Lighting conditions are not a problem for other types of maps. The Global Surveyor carried an altimeter instrument that bounced a laser beam off the surface. By measuring the time the pulse of light took to travel to the surface and back, the instrument could measure the height of every nook and cranny on the surface. Scientists used the data to make a detailed topographic map.
For views in visible light, the Hubble Space Telescope, in orbit around Earth, can see one entire side of Mars. Scientists pieced together many such images into a global map similar to the new map from the Hope spacecraft.
But Mars, at its closest, is nearly 34 million miles from Earth, so the Hubble images lack sharpness. Hope travels around Mars in an elliptical orbit ranging from 12,400 miles to 27,000 miles above the Martian surface. That is considerably higher up than the Mars Reconnaissance Orbiter, but much closer than Hubble.

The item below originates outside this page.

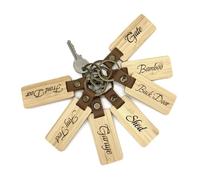 UKHobbyStore Bamboo ~ Personalised Wooden Keyring with Double Sided Custom Engraving of Your Choice with Classy Elegant Font for H Hotel Rooms, Holiday Lodges, B&B, Business or Home Use (Garage)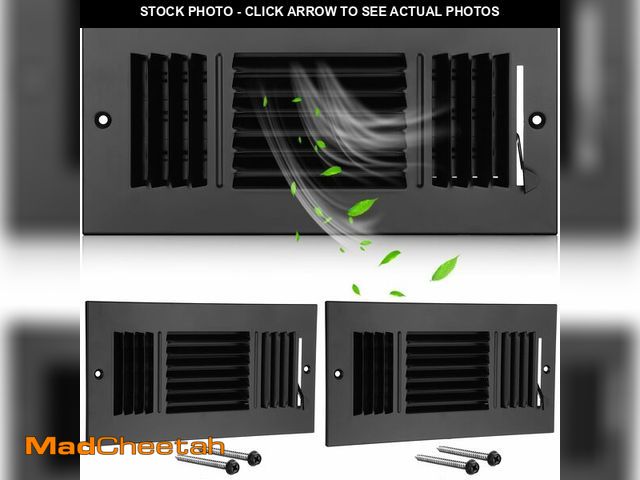 Lot 74-14303828 - Wesiti 2 Pcs 10 x 4 Inch Ceiling Vent Covers for Home Sidewall and Ceiling 3 Way Vent Register for S...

“We thought, OK, we should have an atlas, because we may be able to photograph Mars over a period of several years,” Dr. Atri said. “So we should first have an atlas where we not only map the whole planet, but we show how it changes throughout the Martian year.”
Dr. Atri was able to find images with similar lighting conditions to stitch together, omitting ones in which clouds obscured the surface. The process took months. “It is extremely hard to remove all the boundaries and stuff,” he said.
Dr. Atri said that he and his colleagues were currently writing a scientific paper to describe the algorithm they devised. The same method could be applied to other spacecraft visiting other worlds, including the European Space Agency’s Jupiter Icy Moons Explorer, or Juice, which launched on Friday.
“These icy moons look so pretty,” Dr. Atri said. “So we should be able to apply the same technique.”